Photo by Gage Skidmore. 

The Ugly Face of American Fascism

by / Dec. 28, 2015 9am EST

For the past six months, the billionaire Republican candidate for President, Donald Trump, has issued one outrageous statement after another. Here is a partial list: He called the Mexican people, “criminals and rapists;” he used a phony “fact sheet” taken from a Nazi website to say that black-on-white crime is at epidemic proportions; he claimed that the American working class is “overpaid;” most recently, he called for the ban of any Muslim immigrants.

These statements are becoming increasingly more bellicose and violent in nature. His program for this country boils down to war-mongering, racism, and the most ugly anti-worker measures. His vehicle for this message is a presidential campaign. His goal is to build a fascist mass movement that would propel him to the presidency.

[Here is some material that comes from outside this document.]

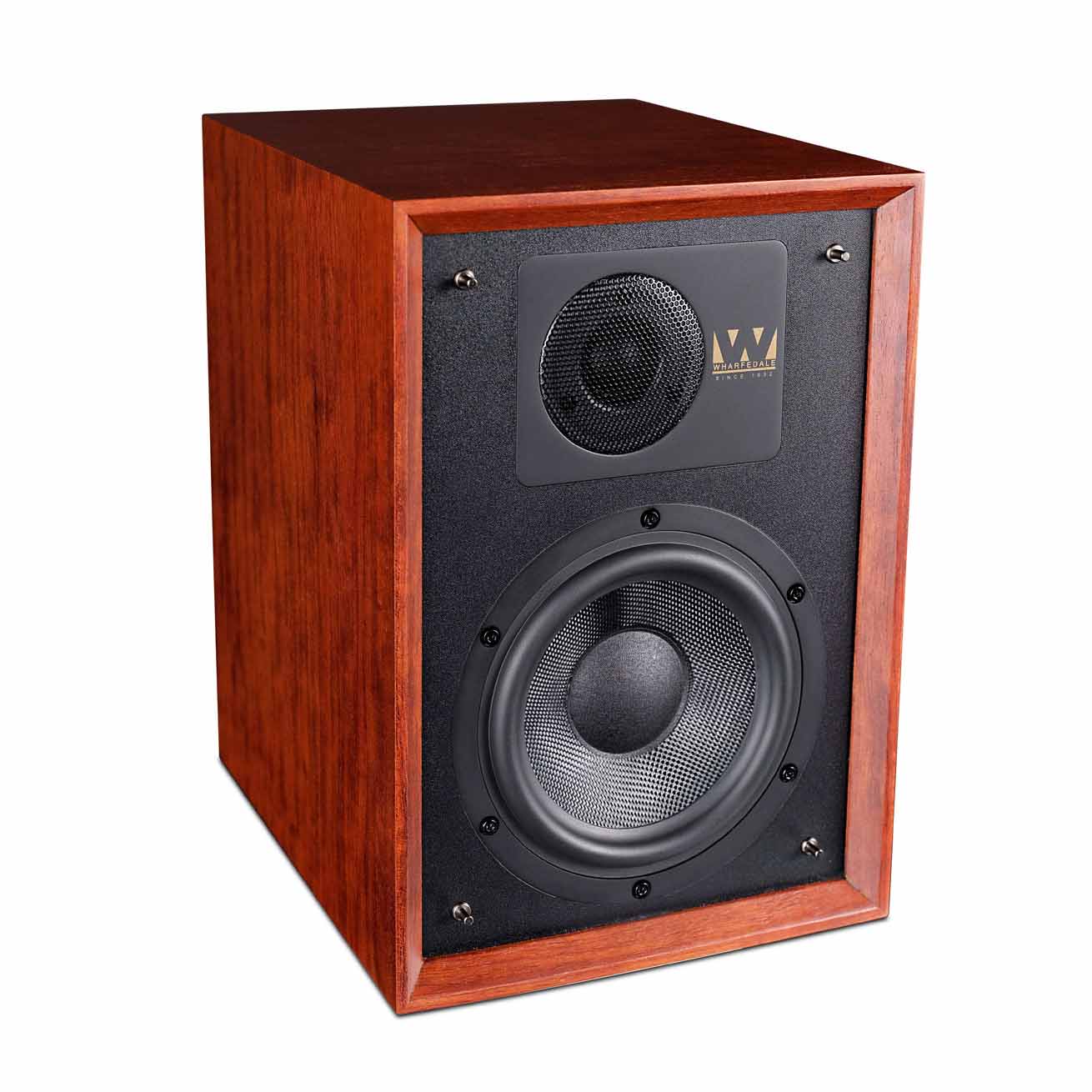 Wharfedale Denton 85 bookshelf speakers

Unfortunately the history of the world has seen this act before. In Italy, a frustrated newspaperman and political operative, Benito Mussolini used demagogy and play-acting to become dictator of Italy. A public performer to his core, Mussolini repeated simple phrases over and over and promised to recreate the Roman Empire or to make Italy great again. Sound familiar? It should, because Trump’s speeches could be recreated in the Italian language, and the difference would be almost non-existent.

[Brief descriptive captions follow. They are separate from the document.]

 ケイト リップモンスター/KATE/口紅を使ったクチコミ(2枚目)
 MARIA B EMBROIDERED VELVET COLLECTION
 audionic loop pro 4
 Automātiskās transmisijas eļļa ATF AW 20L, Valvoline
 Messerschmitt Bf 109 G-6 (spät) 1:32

Trump also exhibits certain similarities to one of the other middle European dictators of the mid-20th century, Adolf Hitler. Hitler made his reputation by baiting Jews and other national minorities. Once in power, he began by passing laws outlawing the participation of the Jewish people in everyday life. This quickly moved to outlawing them from Germany itself. This was the road to genocide. Hitler achieved these objectives by harkening back to the “greater glory of the German Reich,” consisting of a pure “Aryan race.” We cannot let Trump take our country down a similar path. This is the path of ethnic cleansing, fascism, and war.

Fascism as an American phenomenon has always been closely associated with ultra-nationalist and nativist tendencies. Indeed, the writer Sinclair Lewis stated in the 1930s that fascism will come to America, “draped in the American flag.” Donald Trump is fulfilling this prediction, and in doing so, he is taking our society down a dark and dangerous path.

The real question is how far this will go, and what the response of the working people should be. Let’s be clear, the working class of this country is made up of people of all colors and national backgrounds. The idea that a multi-billionaire could represent the interests of the working people is as absurd as it is dangerous.

Trump is not only a man whose worldview is shaped by an excessive dose of bigotry; he is also a businessman who employs thousands of low-wage workers. He brags that he uses bankruptcy laws to enhance his profits and complains that the working people are “overpaid.” Once you strip away the show business veneer, nothing is left but an avaricious and greedy developer with a gigantic ego.

The working people must reject his program and unite as one to build a society free of the dark and reactionary politics of people like Donald Trump.


Richard Lipsitz is president of Western New York Area Labor Federation-CIO.